▶ _SOURCE MATERIAL_:
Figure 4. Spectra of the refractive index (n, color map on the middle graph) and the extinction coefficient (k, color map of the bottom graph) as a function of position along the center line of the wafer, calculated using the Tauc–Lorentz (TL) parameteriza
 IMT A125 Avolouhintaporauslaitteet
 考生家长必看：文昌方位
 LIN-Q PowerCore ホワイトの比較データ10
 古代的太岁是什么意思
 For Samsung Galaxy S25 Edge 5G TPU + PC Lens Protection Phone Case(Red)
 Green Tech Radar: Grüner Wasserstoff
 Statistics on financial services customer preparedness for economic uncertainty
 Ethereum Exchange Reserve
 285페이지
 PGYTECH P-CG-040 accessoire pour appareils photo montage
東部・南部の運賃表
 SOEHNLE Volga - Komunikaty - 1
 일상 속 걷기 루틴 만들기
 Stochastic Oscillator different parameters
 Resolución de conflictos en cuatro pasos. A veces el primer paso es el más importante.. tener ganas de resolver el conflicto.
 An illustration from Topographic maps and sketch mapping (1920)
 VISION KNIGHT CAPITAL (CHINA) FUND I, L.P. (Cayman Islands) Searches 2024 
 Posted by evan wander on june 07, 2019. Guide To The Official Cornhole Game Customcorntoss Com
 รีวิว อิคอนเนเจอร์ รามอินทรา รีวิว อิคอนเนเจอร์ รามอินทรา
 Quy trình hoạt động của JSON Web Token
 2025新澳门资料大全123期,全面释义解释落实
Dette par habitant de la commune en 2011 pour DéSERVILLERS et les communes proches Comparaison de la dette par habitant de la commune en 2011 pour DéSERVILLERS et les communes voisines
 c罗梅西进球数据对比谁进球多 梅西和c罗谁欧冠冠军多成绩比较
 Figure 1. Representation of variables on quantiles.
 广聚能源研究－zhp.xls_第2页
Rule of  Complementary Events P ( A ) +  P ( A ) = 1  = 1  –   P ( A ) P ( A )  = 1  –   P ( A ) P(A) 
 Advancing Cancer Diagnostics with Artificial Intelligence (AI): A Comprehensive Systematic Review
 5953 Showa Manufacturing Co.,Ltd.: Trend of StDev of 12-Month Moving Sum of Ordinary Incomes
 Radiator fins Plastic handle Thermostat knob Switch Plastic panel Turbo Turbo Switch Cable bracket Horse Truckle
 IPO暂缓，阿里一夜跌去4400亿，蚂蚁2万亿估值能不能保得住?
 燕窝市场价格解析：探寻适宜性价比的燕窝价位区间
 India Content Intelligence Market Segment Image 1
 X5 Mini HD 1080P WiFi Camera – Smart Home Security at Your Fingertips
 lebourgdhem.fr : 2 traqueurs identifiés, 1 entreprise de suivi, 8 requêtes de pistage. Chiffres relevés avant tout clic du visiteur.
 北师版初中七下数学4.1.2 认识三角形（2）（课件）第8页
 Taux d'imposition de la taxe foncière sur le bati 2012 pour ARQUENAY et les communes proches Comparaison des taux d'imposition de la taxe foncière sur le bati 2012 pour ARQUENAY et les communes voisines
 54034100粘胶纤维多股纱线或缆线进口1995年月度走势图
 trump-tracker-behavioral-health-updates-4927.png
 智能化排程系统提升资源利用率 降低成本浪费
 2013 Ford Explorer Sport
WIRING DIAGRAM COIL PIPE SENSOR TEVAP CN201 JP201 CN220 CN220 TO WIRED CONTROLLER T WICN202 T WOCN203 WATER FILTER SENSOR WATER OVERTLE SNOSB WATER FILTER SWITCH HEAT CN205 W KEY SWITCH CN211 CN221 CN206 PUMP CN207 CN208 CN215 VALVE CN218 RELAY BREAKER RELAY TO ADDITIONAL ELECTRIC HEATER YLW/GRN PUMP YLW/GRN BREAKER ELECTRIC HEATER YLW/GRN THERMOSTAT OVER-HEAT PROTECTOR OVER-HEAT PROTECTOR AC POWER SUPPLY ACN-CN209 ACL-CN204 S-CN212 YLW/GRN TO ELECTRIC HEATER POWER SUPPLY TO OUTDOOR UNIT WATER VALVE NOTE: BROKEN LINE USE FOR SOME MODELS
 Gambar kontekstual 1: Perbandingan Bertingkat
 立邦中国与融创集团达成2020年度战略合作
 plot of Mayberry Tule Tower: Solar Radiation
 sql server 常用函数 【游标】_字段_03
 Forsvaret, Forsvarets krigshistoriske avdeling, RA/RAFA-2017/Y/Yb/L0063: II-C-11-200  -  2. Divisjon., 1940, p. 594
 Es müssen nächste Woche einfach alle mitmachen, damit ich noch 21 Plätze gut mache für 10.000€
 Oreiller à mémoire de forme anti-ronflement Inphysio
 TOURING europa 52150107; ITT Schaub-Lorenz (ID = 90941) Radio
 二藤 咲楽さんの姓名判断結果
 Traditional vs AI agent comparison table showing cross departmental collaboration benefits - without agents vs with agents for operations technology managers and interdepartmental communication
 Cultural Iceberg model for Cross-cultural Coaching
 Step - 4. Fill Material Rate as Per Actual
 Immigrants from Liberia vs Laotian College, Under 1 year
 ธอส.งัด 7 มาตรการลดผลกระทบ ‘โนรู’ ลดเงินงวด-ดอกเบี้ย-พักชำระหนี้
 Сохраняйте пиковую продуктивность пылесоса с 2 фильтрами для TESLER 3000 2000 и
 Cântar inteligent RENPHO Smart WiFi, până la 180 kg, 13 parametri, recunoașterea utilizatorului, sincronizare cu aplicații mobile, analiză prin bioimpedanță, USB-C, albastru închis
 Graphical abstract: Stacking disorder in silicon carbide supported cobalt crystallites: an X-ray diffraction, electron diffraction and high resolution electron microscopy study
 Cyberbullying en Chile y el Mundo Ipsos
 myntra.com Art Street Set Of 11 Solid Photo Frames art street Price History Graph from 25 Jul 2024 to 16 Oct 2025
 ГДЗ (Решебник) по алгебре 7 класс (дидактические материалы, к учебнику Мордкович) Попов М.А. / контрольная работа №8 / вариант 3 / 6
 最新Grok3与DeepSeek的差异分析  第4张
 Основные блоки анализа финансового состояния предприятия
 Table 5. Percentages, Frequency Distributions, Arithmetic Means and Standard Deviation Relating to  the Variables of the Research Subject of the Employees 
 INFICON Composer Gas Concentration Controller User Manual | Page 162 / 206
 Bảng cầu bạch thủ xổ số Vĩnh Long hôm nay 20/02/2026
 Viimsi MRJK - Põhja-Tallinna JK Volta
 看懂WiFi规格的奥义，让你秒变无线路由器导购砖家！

▶ _TASK DESCRIPTION_: Reprint exactly the lines above that start at the one with "Cyberbullying en Chile y el Mundo Ipsos" and end at the one with "Основные блоки анализа", keeping both and adding none.

▶ _ANSWER SPACE_:
 Cyberbullying en Chile y el Mundo Ipsos
 myntra.com Art Street Set Of 11 Solid Photo Frames art street Price History Graph from 25 Jul 2024 to 16 Oct 2025
 ГДЗ (Решебник) по алгебре 7 класс (дидактические материалы, к учебнику Мордкович) Попов М.А. / контрольная работа №8 / вариант 3 / 6
 最新Grok3与DeepSeek的差异分析  第4张
 Основные блоки анализа финансового состояния предприятия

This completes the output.